RB: Osama Hussain (Kuwait)

Osama Hussain joined Al Arabi in 1984, first he played in Al Arabi U14. After that when he grow up and reach 16 years he was able to play for Al Arabi first team.  In 1990, Luiz Felipe Scolari choose him to Kuwait national football team when he was 20. he played in The Gulf Cup, AFC Asian Cup,Olympic Games and the Asian Games. He played 95 matches with Kuwait.

RB: Khalil Allawi (Iraq)

Between 1981 and 2001, Khalil Allawi represented Iraq over 80 times. Along with his brother Karim Mohammed Allawi, he participated in the 1986 World Cup in Mexico.  He scored several goals during the World Cup Qualifiers.  He also played in the 1984 Summer Olympics.  He also played for Amanat Baghdad, Al-Quwa Al-Jawiya, Al-Rasheed Club, etc in Iraq.

CB: Marcone (Qatar)
Born in Brazil, Marcone became a naturalised player for Qatar.  He was the captain of Qatar team at 2010 Asian Games as one of the three overage players. He started his career with Vitoria in Brazil.
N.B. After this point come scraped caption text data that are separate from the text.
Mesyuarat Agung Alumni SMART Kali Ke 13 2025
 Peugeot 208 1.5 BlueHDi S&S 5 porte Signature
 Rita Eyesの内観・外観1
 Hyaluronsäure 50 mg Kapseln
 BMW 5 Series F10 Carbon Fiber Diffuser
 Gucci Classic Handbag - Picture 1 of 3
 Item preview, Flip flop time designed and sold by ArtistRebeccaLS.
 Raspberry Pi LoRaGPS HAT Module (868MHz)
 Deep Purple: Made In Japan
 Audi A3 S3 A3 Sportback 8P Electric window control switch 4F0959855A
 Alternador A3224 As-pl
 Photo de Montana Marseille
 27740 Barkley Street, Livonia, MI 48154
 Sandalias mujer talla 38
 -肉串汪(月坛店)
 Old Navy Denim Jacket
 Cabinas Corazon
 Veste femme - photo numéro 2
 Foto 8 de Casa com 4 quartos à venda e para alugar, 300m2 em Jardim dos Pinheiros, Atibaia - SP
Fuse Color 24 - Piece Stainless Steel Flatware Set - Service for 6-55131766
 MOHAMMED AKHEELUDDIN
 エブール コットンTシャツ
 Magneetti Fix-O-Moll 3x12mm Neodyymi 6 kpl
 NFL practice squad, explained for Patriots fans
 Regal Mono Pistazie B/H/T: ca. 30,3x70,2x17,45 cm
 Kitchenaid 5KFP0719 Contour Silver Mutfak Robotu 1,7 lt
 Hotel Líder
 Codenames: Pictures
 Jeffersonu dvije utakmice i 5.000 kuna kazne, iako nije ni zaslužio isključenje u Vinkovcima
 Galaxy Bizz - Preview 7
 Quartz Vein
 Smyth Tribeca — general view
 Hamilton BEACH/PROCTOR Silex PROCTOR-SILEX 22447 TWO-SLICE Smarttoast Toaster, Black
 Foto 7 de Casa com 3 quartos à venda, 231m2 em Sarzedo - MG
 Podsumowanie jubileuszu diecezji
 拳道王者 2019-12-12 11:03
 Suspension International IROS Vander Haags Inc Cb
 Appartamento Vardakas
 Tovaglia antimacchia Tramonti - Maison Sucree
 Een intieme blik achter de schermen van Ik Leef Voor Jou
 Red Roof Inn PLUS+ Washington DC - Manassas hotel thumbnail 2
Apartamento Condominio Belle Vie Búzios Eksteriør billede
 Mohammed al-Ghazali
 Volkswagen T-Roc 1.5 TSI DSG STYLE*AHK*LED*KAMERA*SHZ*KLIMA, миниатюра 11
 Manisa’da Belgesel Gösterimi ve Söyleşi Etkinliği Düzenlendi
In 1998, he signed with Venezia in Italy, but never appeared a game due to the fact the club had too many non-EU players.  He was on loan to AC Bellinzona in Switzerland.  In July 2004, he went to play in Qatari.  He played Al-Shamal, Al-Gharafa and El Jaish SC. He started to represent Qatar in 2008.
CB: Adnan Dirjal (Iraq)
Adnan Dirjal was one of Iraq's most famous players.  He missed the 1986 World Cup Finals because of an injury, but he represented Iraq in three Olympics: 1980, 1984, 1988.  He played with Al-Zawraa and Al-Talaba. His most successful club spell came at Al-Rasheed, the club owned by Saddam Hussein's eldest son Uday, where he captained the club to three Iraqi league titles, two cups and a record three Arab Club Championships during the mid to late 80s.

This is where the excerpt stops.